Once you download an update, you can generally delete any earlier versions of that book. However, note that at this time, we have no way to enable you to carry over highlighting, bookmarks, or annotations you’ve made in one version of a book to a newer version. If you’ve marked up a book in any way, you’ll probably want to keep the old version around even when you download the new one. (For more help with downloads in general, see our Device Advice page; for help with MOBI files for Kindle apps and devices, see About MOBI.)

Our Upgrade Policy

Whether, when, or to what extent we update a book depends on what has changed regarding the book’s topic, the author’s availability, customer demand, and other variables.

We have three types of updates:

  • Bug fix updates: When an update increments the number after the second decimal point—for example, going from version 1.0 to 1.0.1—that’s a very minor update intended to fix small bugs, such as typos, broken links, or other glitches. Bug fix updates are always free.

  • Minor updates: When an update increments the number after the first decimal point—for example, going from verion 1.0 to 1.1—that’s a minor update. We do these to address small changes in the subject matter or add a bit of new information. Minor updates are also always free.

  • New editions: When an update increments the first number—for example, going from version 1.1 to 2.0—that’s a new edition, which is a major update. Major updates typically add significant quantities of new material, and may include structural changes as well as widespread edits throughout the text. We charge an upgrade fee for new editions. The cost to upgrade varies depending on the length of the book, the scope of the changes, and other factors, but most new editions cost half (or less) as much as the full cover price.

    When we release a new edition, we generally offer free updates to people who purchased the previous edition recently. “Recently” typically means 90 days, though depending on the circumstances, sometimes the free upgrade window is shorter or longer. We always do our best to balance generosity toward our customers with fairness to our authors.

Because we often release free updates, some customers have assumed that all updates are free forever. To be crystal clear: We do not guarantee free updates to any book. Our authors don’t work for free, and as a result, we have to charge money for updates that required substantial time and effort to create.

Why Is That Update I’m Waiting For Taking So Long?

In an ideal world, every change to an app, operating system, or anything else “out there” would be reflected within days in our books that mention them. And often we’re able to accomplish just that! (In the week of November 21, 2022, for example, we released no fewer than 10 updates!) But sometimes weeks, months, or even years go by during which a book is out of sync with reality. This frustrates us just as much as it frustrates you.
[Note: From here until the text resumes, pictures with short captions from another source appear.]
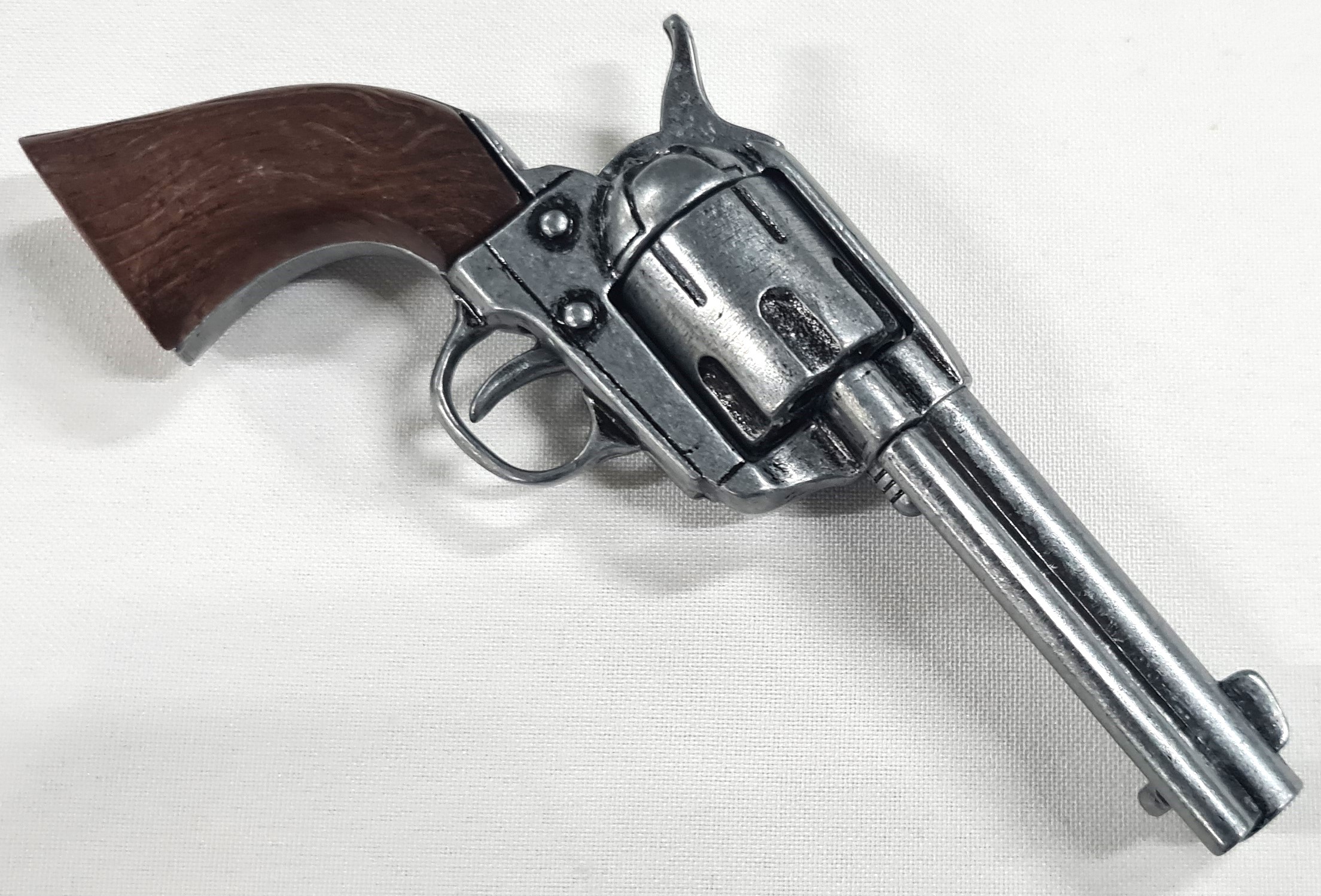 DENIX REPLICA GUN 1873 US QUICK DRAW COLT PEACE MAKER REVOLVER MINATURE PISTOL 2006 - Image 5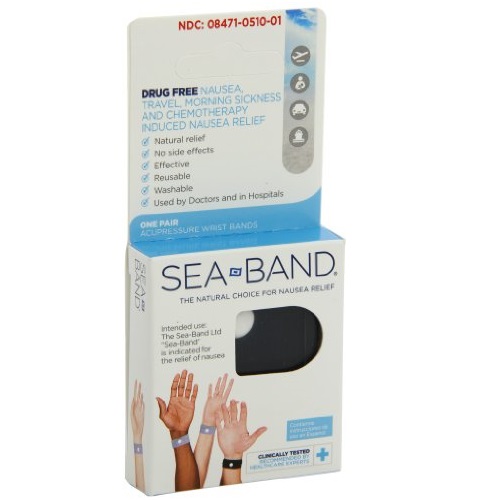 晕船晕车？试试这个！Sea-Band指压手腕带，成人款，原价$12.50，现点击coupon后仅售$5.98，免运费！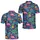 Neon Flamingo Tropical Golf Style for Summer Tennis and Pickleball, Women’s Resort Wear Men's Polo Shirt - 2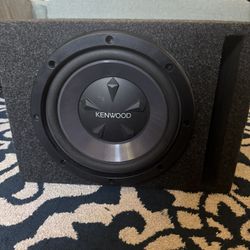 Kenwood 12” Subwoofer With Enclosure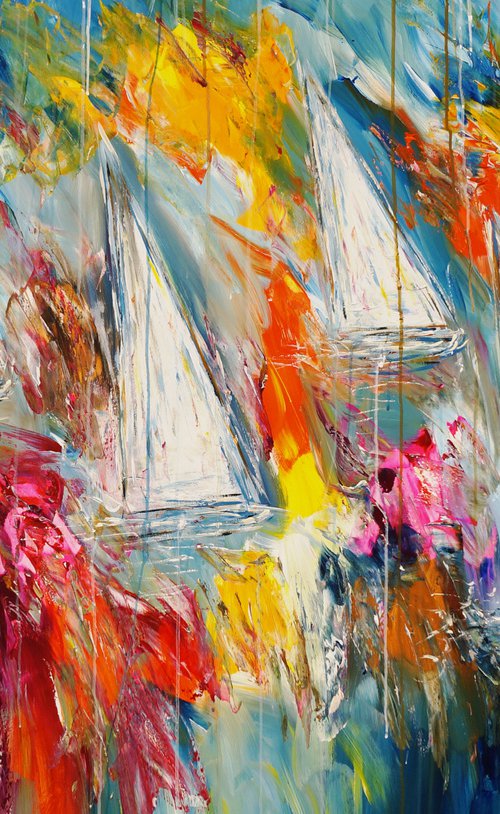 Stormy Sailing Regatta XL 1 by Peter Nottrott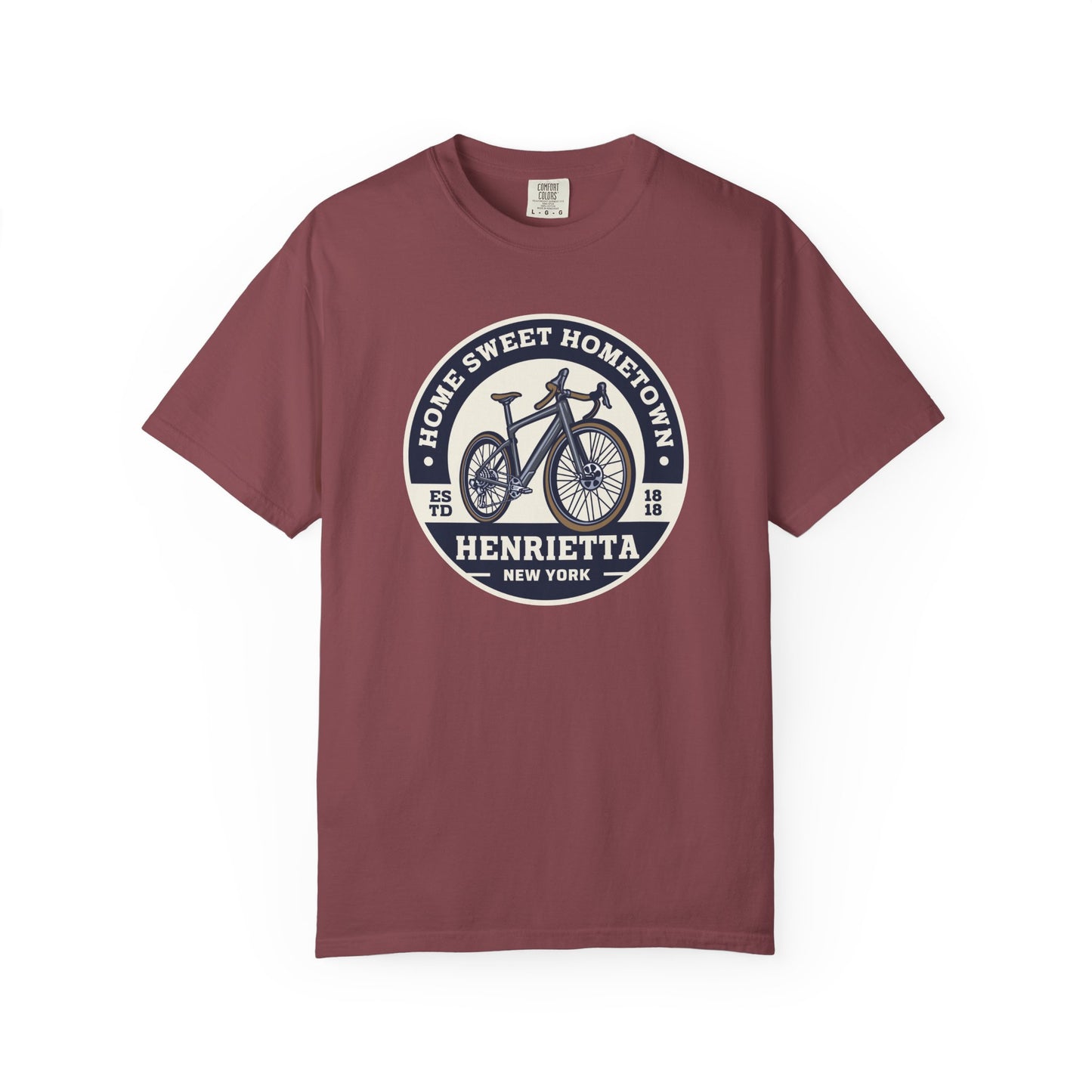 Mens Home Sweet Hometown Bicycle T-shirt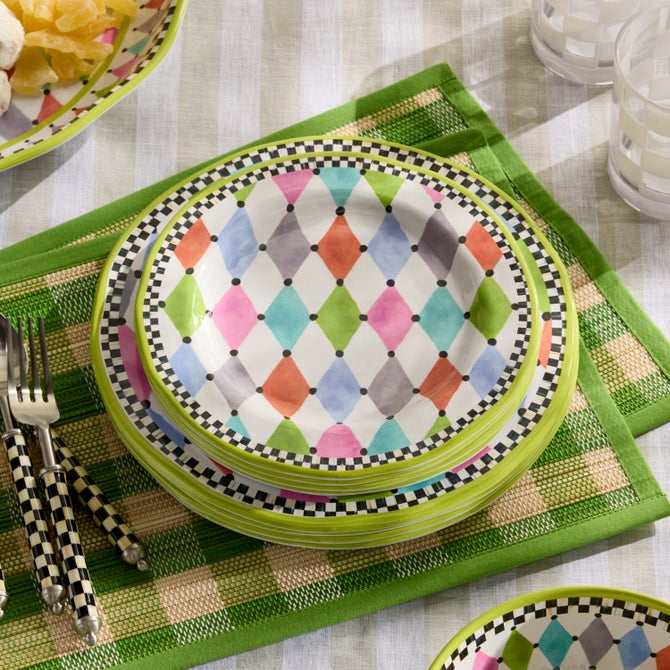 Palm Springs Melamine Dinner Plates, Set of 4 image number 1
From the publisher’s side, we are literally a mom-and-pop operation. Joe Kissell and Morgen Jahnke, the owners of alt concepts, are the entire company. There’s no other staff. We do, however, have two elementary-aged kids at home, one of whom has significant special needs that require an extraordinary amount of our time and attention. So sometimes we’re the bottleneck, because try as we might, we can only fit so much work into each day. (And, when it comes to the books Joe has written himself, we’re extra far behind because most of his days are spent wearing his “publisher” hat, which leaves far too little time for writing.)
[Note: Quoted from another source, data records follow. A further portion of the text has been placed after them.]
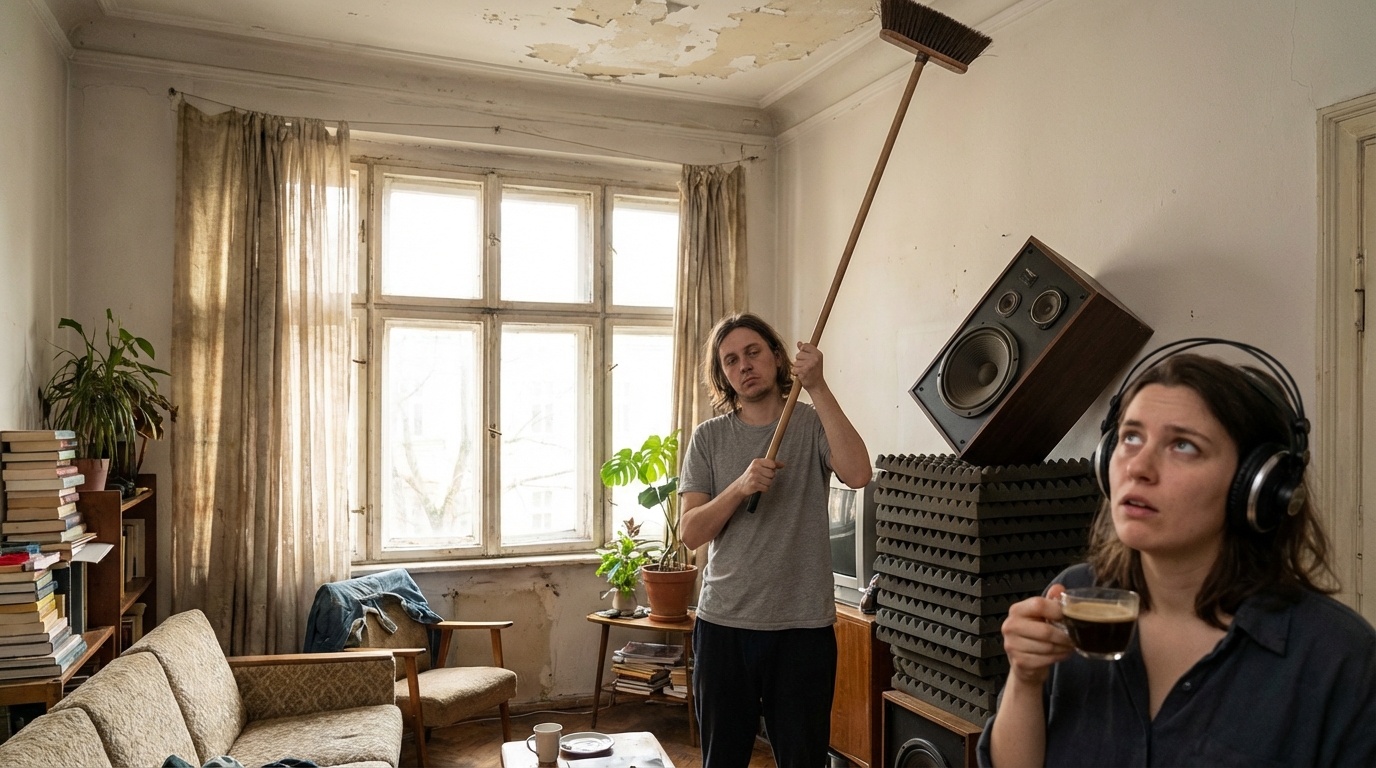 Comment se venger du bruit de l'appartement du dessus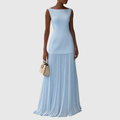 Rowina Sleeveless Dress with Flowing Pleats - view 2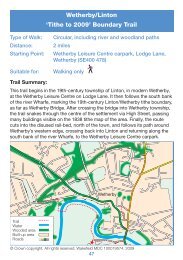 Wetherby/Linton - Tracks in Time, the Leeds Tithe Map Project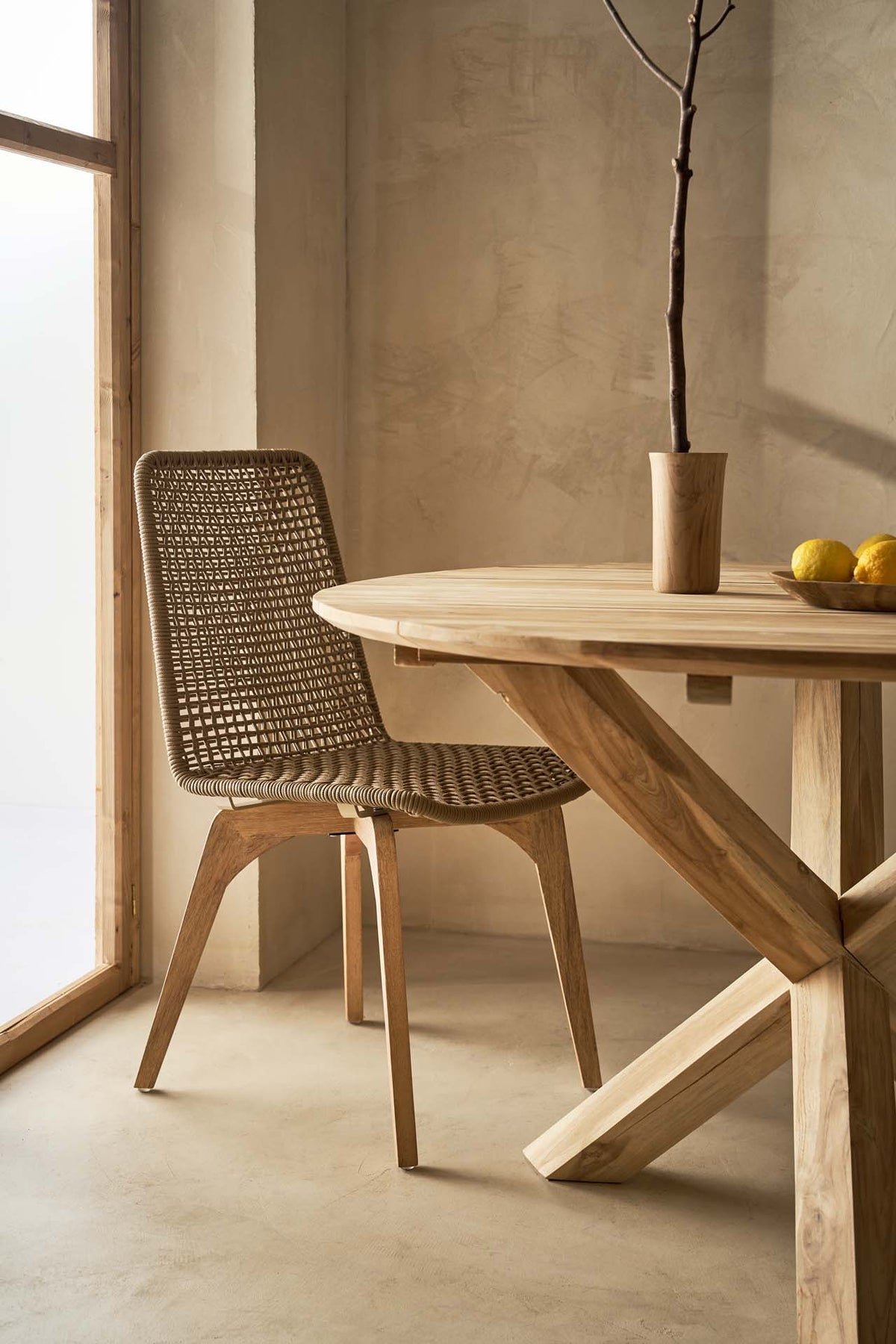 Dining Chair Zoe Woody Side Chair Latte (45x57x88) 0370073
Updates are sometimes held up because an author has an overloaded schedule, or because an editor is unable to squeeze in a book as quickly as we’d like. All our authors and editors (besides Joe) are freelancers. They all have other work, family responsibilities, and schedule constraints, and they decide on their own priorities. Although we strongly encourage our authors to keep on top of updates, we won’t ask them to blow off another deadline, cut short a vacation, or miss their kid’s soccer game. And life complications happen to all of us.

So if a particular update is not appearing as quickly as you’d like, we’re sorry, and believe us when we say we want it as badly as you do. We’ll do our best, and that’s all we can promise.
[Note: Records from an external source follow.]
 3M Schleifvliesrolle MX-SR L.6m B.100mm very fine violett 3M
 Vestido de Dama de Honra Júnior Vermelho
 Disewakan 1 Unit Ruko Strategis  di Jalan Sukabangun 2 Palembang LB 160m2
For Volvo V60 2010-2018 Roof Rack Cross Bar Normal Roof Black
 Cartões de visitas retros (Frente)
Pending Updates (last updated November 23, 2022)

As of late November 2022, there are 32 titles in our catalog that are out of date to one degree or another and for which updates are still planned. (Some of our older titles, such as those covering previous versions of macOS and iOS/iPadOS, will not be updated in the future.) To be fair, quite a few of these are mostly up to date but need a few minor tweaks to make them completely current. However, many require more substantial revisions, and a few need almost a complete rewrite.

Here are some things to notice about this list:

  • We use words like “hope,” “expect,” and “plan.” We wish we could give you an ironclad guarantee that a certain thing will happen at a certain time, but there are far too many variables for that to be feasible.
  • For the books written by Take Control publisher Joe Kissell, which constitute nearly half of this list, we’ve indicated their current order in his personal queue. That order could change! And remember, that applies only to the books he’s written himself—not those by other authors—so it does not reflect the overall order in which books will be released.
  • This list does not include all the other things on our list that are not books! For example, it doesn’t reflect fixing bugs or adding features on our website, doing customer support, taking care of our kids when they’re sick, shoveling snow, or a thousand other activities.
  • The time required for updates varies wildly from one book to the next. Some of these books may take less than a day to update, whereas others may take multiple months.
  • It is not helpful for you to tell us you think things should occur in a different order. We get it: everything is top priority for someone. We’re going to do the best we can, and this is it.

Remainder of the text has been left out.